_WHAT THE TASK ASKS_
Set every entry below down once more, exactly as it stands, without images.

══ RECORDS TO PROCESS ══

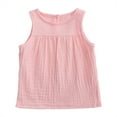 thumbnail image 1 of Odeerbi Baby Toddler Girls Tank Top Kids Cotton Linen Vest Summer Candy Color Vest Pink, 1 of 9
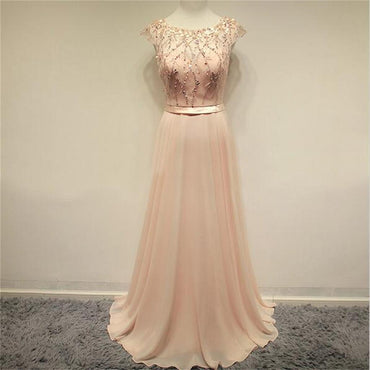 Charming Blush Pink Cap Sleeves Cheap Evening Long Prom Dress, BG51014 - Bubble Gown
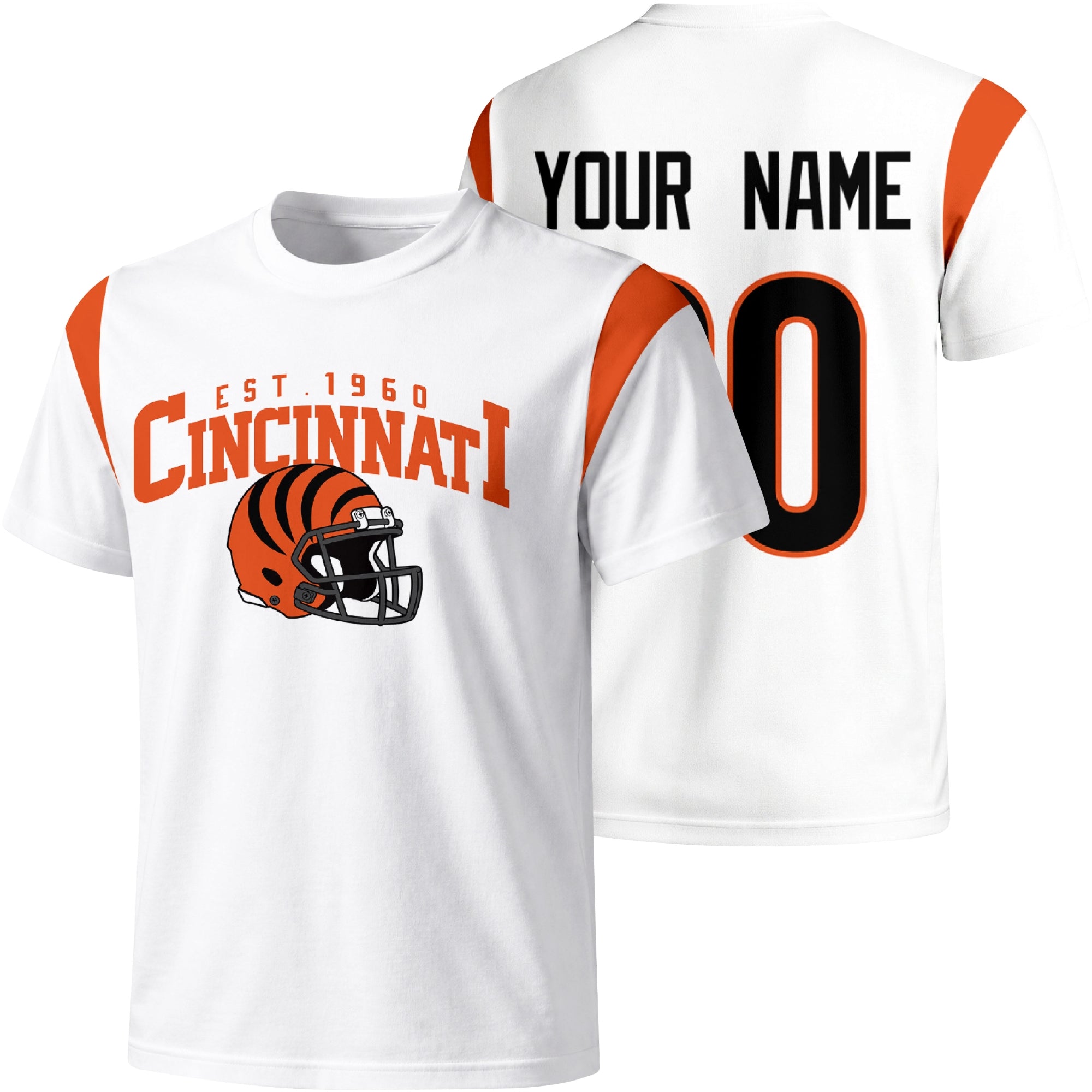 Cincinnati personalized varsity football T shirt in White showing front helmet design and back custom name and number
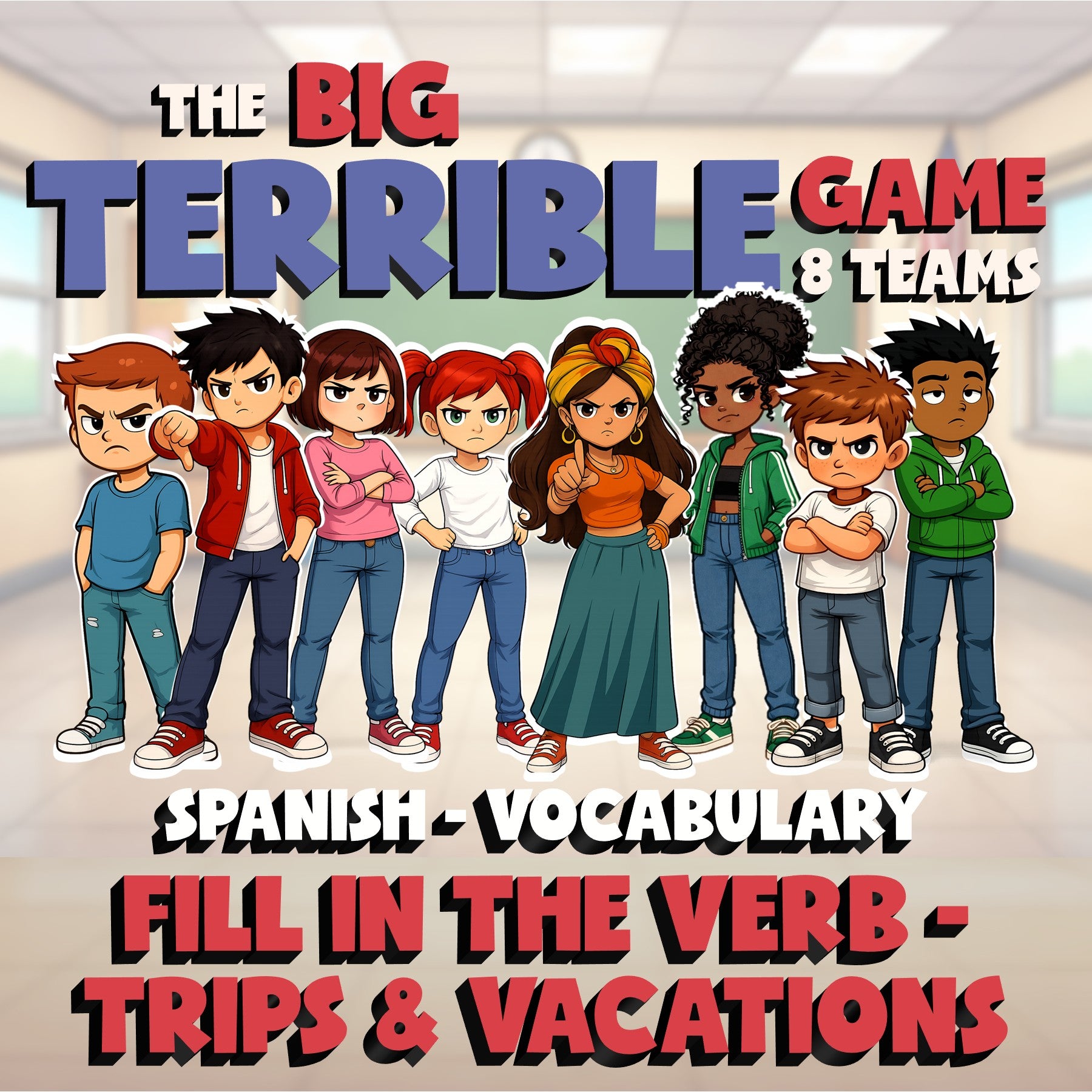 Fill In The Verb - Trips & Vacations BIG TERRIBLE GAME - Spanish Exercise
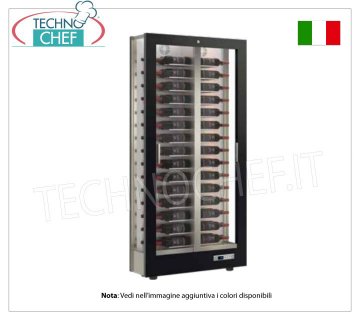CAVE-ARMOIRE à VIN capacité 60 bouteilles Horizontale, Ventilée Statique, 3 Côtés Vitrés pour INSTALLATION MURALE, Ligne SLIM, profondeur 36 cm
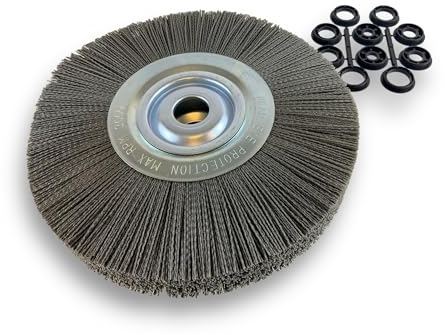 Brosse circulaire NYLON Abrasif | Ø 300 mm | Epaisseur 3 rangs | Carbure de silicium Grain 80 | Alésage 32 mm + réducteur bague 25/22/20/16/12 mm | Touret meuleuse ponceuse | Kibros 231303KR_80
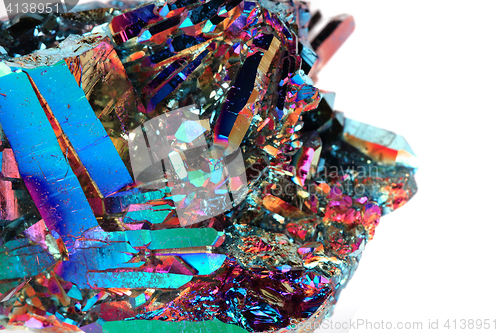 Image of crystal with metal rainbow surface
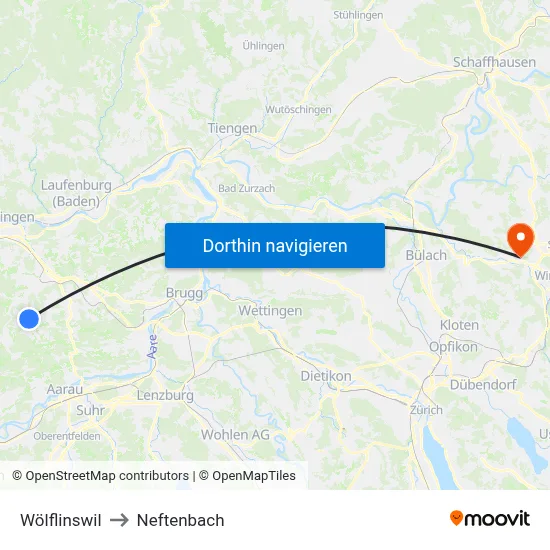 Wölflinswil to Neftenbach map
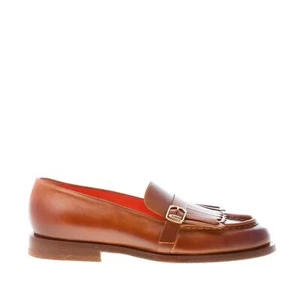 SANTONI women shoes Brown antiqued hand-polished leather loafer double fringe - Picture 1 of 8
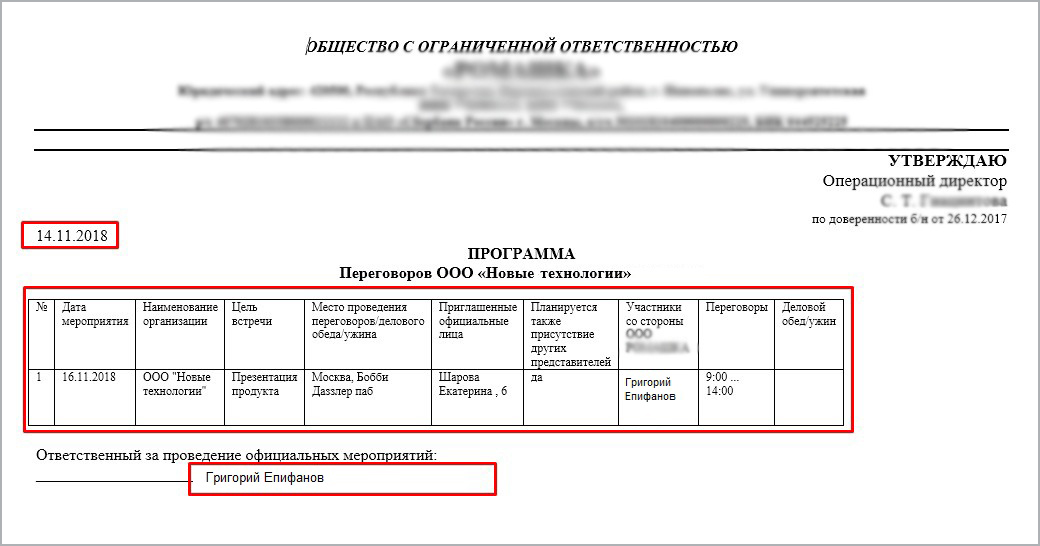 Программа переговоров образец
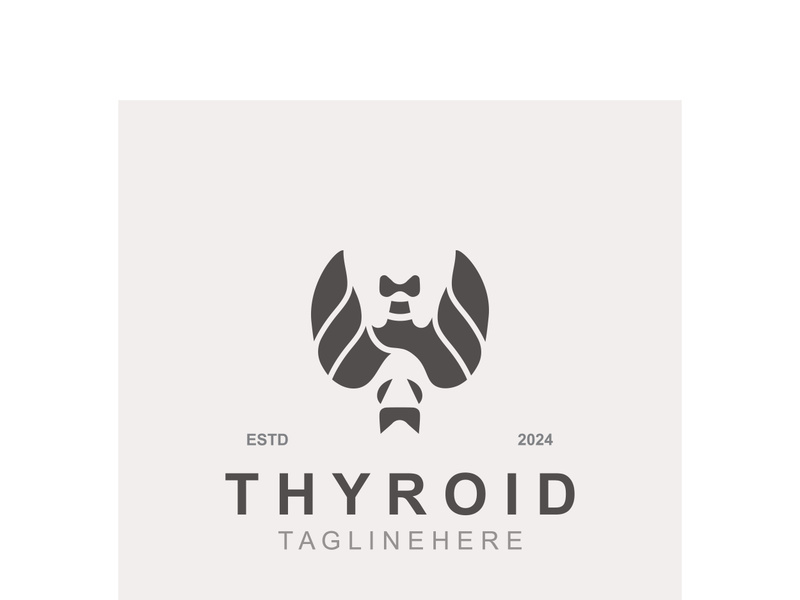 Thyroid Gland human Endocrine System structure logo thyroid care simple template design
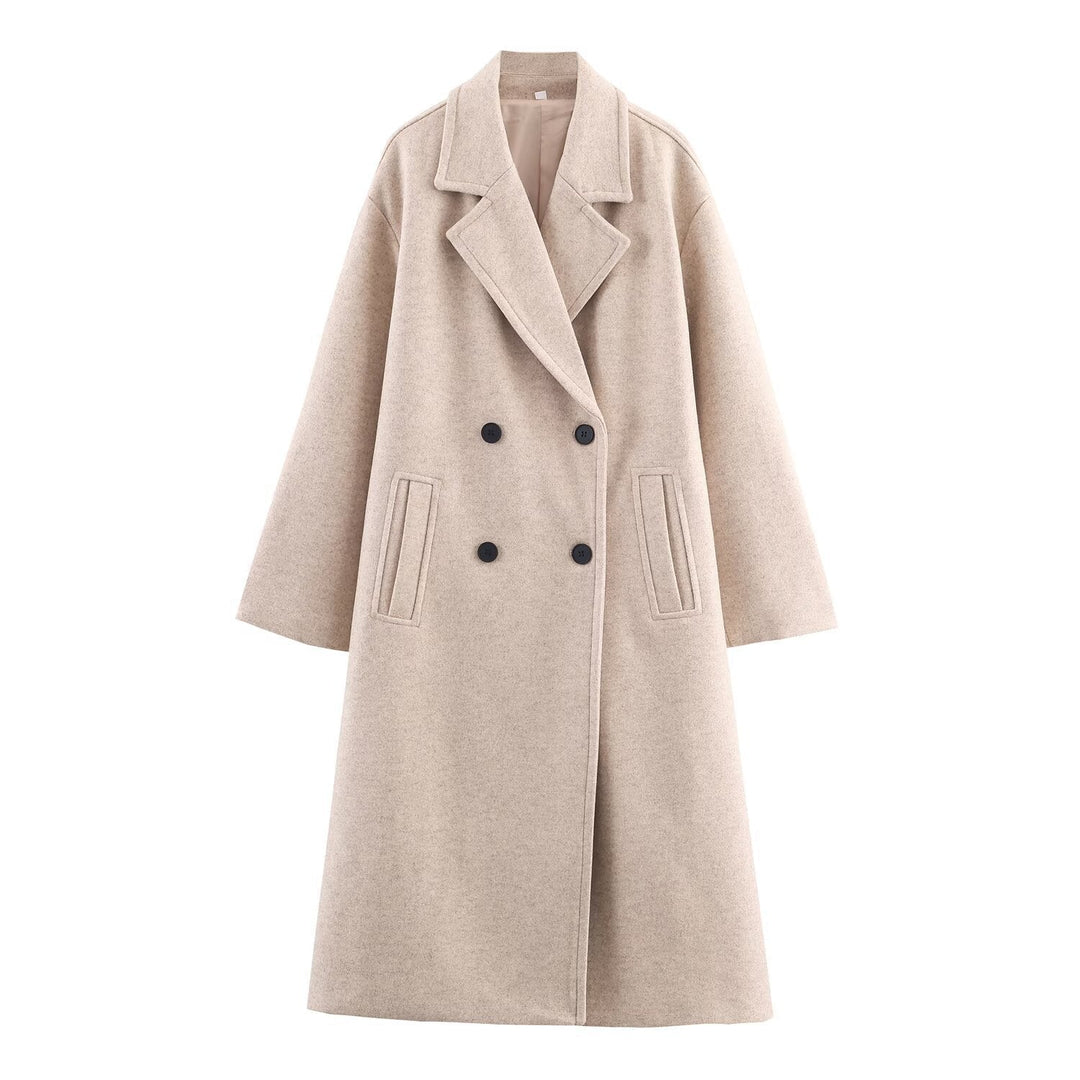 Dam Double-Breasted oversize kappa med Notched Lapels och In-seam fickor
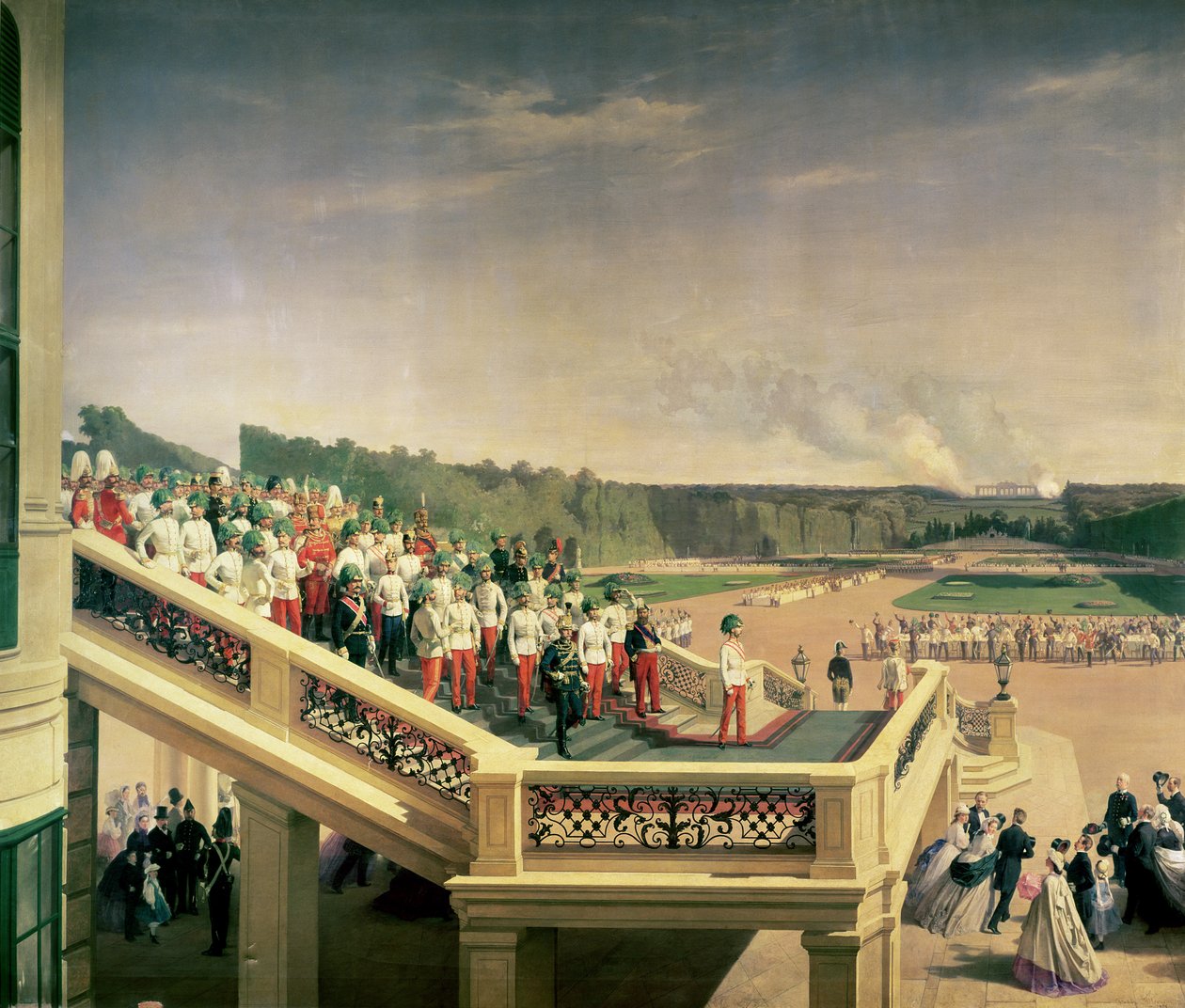 Banquete de la Corte en los Jardines del Palacio de Schonbrunn con motivo del aniversario de la Orden Militar de Teresa, 1865 de Fritz L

═══

_RESPONSE TO THE TASK_
 thumbnail image 1 of Odeerbi Baby Toddler Girls Tank Top Kids Cotton Linen Vest Summer Candy Color Vest Pink, 1 of 9
 Charming Blush Pink Cap Sleeves Cheap Evening Long Prom Dress, BG51014 - Bubble Gown
 Cincinnati personalized varsity football T shirt in White showing front helmet design and back custom name and number
 Fill In The Verb - Trips & Vacations BIG TERRIBLE GAME - Spanish Exercise
CAVE-ARMOIRE à VIN capacité 60 bouteilles Horizontale, Ventilée Statique, 3 Côtés Vitrés pour INSTALLATION MURALE, Ligne SLIM, profondeur 36 cm
 Brosse circulaire NYLON Abrasif | Ø 300 mm | Epaisseur 3 rangs | Carbure de silicium Grain 80 | Alésage 32 mm + réducteur bague 25/22/20/16/12 mm | Touret meuleuse ponceuse | Kibros 231303KR_80
 Image of crystal with metal rainbow surface
 Wölflinswil to Neftenbach map
 SANTONI women shoes Brown antiqued hand-polished leather loafer double fringe - Picture 1 of 8
 Программа переговоров образец
 Thyroid Gland human Endocrine System structure logo thyroid care simple template design
 Dam Double-Breasted oversize kappa med Notched Lapels och In-seam fickor
 Banquete de la Corte en los Jardines del Palacio de Schonbrunn con motivo del aniversario de la Orden Militar de Teresa, 1865 de Fritz L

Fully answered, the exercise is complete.